The goal of this set of notes is to improve our problem solving and proof writing skills. You are encouraged to submit a solution to any of these problems, and join in the discussion in #imo-discussion at Saturday 10/26/2015 at 10pm IST, 930am PDT. For more details, see IMO Problems Discussion Group.

These are the problems from the first ever International Mathematical Olympiad.
They are pretty easy and I ask every one to try and solve them! Remember that the contestants were given **Four and a Half Hours**, and are required to prove these statements completely. So here Goes:

**Q1.** For every integer \(n\), prove that the fraction \(\dfrac{21n+4} {14n+3}\) cannot be reduced any further.**(POL)**

**Q2.** For which real numbers \(x\) do the following equations hold:
\(
(a) \sqrt{x+\sqrt{2x-1}}+ \sqrt{x-\sqrt{2x-1}}=√2, \\\
(b) \sqrt{x+\sqrt{2x-1}}+\sqrt{x-\sqrt{2x-1}}=1, \\\
(c) \sqrt{x+\sqrt{2x-1}}+\sqrt{x-\sqrt{2x-1}} =2.\)

**(ROM)**

**Q3.** Let \(x\) be an angle and let the real numbers \(a, b, c, \cos x\) satisfy the following equation: \[a\cos^2 {x}+ b \cos {x} + c =0.\]
Write the analogous quadratic equation for \(a, b, c, \cos {2x} \). Compare the given and the obtained equality for \(a = 4,b = 2,c = −1\). **(HUN)**

## Comments

Sort by:

TopNewestQ1. Let g.c.d(\(a,b\)) be represented by (\(a,b\)).

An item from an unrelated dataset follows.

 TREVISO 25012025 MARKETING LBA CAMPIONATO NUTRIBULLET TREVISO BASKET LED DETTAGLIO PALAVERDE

(\(21n+4,14n+3\)) \(=\) (\(7n+1,14n+3\)) \(=\) (\(7n+1, 7n+2\)) \(=\) (\(7n+1,1\)) \(=\) \(1\)

Therefore, it can't it reduced for any integer \(n\). – Surya Prakash · 1 year, 10 months ago

Log in to reply

– Sualeh Asif · 1 year, 10 months ago

This is absolutely correct! From a collary of the Euclidean Algorithm we know that \((a,b)=(b,a-b)\) and this makes the problem trivial!Log in to reply

– Vinayak Verma · 1 year, 8 months ago

Same approach!Log in to reply

At the IMO, this solution is worth 7-. – Calvin Lin Staff · 1 year, 9 months ago

Log in to reply

– Mehul Arora · 1 year, 10 months ago

Simple standard solution.Log in to reply

– Anik Mandal · 1 year, 10 months ago

Same solutionLog in to reply

I'll give my solution to Q3 (which is probably the long way around)

Note that \(\cos 2x = 2 \cos^2 x - 1\). Let \(\cos x = y\) and \(\cos 2x = z\).

We have

\[y = \dfrac {-b \pm \sqrt{b^2 - 4ac}}{2a}\]

\[y^2 = \dfrac{2b^2-4ac \pm 2b\sqrt{b^2 - 4ac}}{4a^2}\]

\[2y^2 = \dfrac{b^2-2ac \pm b\sqrt{b^2 - 4ac}}{a^2}\]

\[2y^2 - 1 = \dfrac{b^2-a^2-2ac \pm b\sqrt{b^2-4ac}}{a^2}\]

\[z = \dfrac{b^2-a^2-2ac \pm b\sqrt{b^2-4ac}}{a^2}\]

Now, we will reverse engineer completing the square (which is used to get the quadratic equation. I just reversed it)

\[\left (z + \dfrac {2ac+a^2-b^2}{a^2} \right )^2 = \dfrac {b^4 - 4ab^2 c}{a^4}\]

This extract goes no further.